**Try it**. Extract, word for word, each line from the line holding "Ma-Cabane - Vente Maison NIORT, 216 m²" through the end of the records. Omit every picture.

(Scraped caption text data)
◇ ◇ ◇

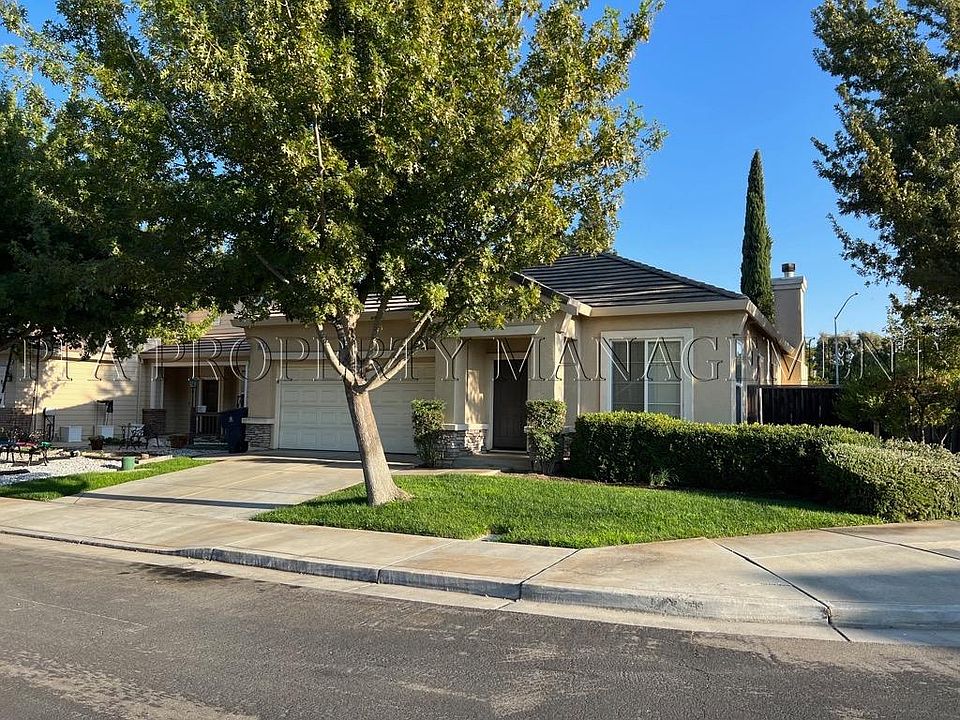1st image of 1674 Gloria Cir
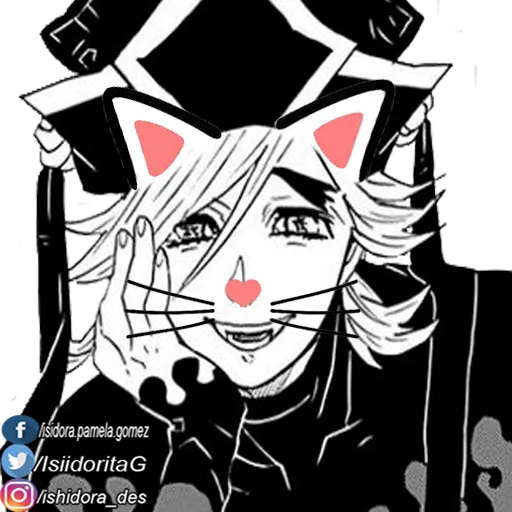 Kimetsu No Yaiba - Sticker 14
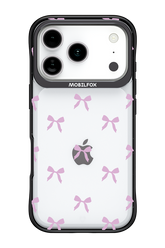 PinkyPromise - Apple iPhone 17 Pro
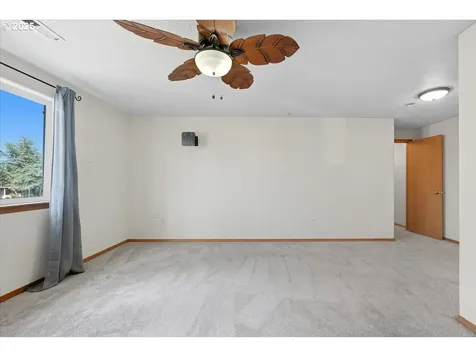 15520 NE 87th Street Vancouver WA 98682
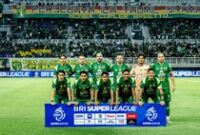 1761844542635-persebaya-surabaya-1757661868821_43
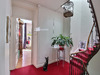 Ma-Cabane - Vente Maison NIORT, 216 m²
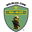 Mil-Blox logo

◇ ◇ ◇

**The answer**.
 Ma-Cabane - Vente Maison NIORT, 216 m²
 Mil-Blox logo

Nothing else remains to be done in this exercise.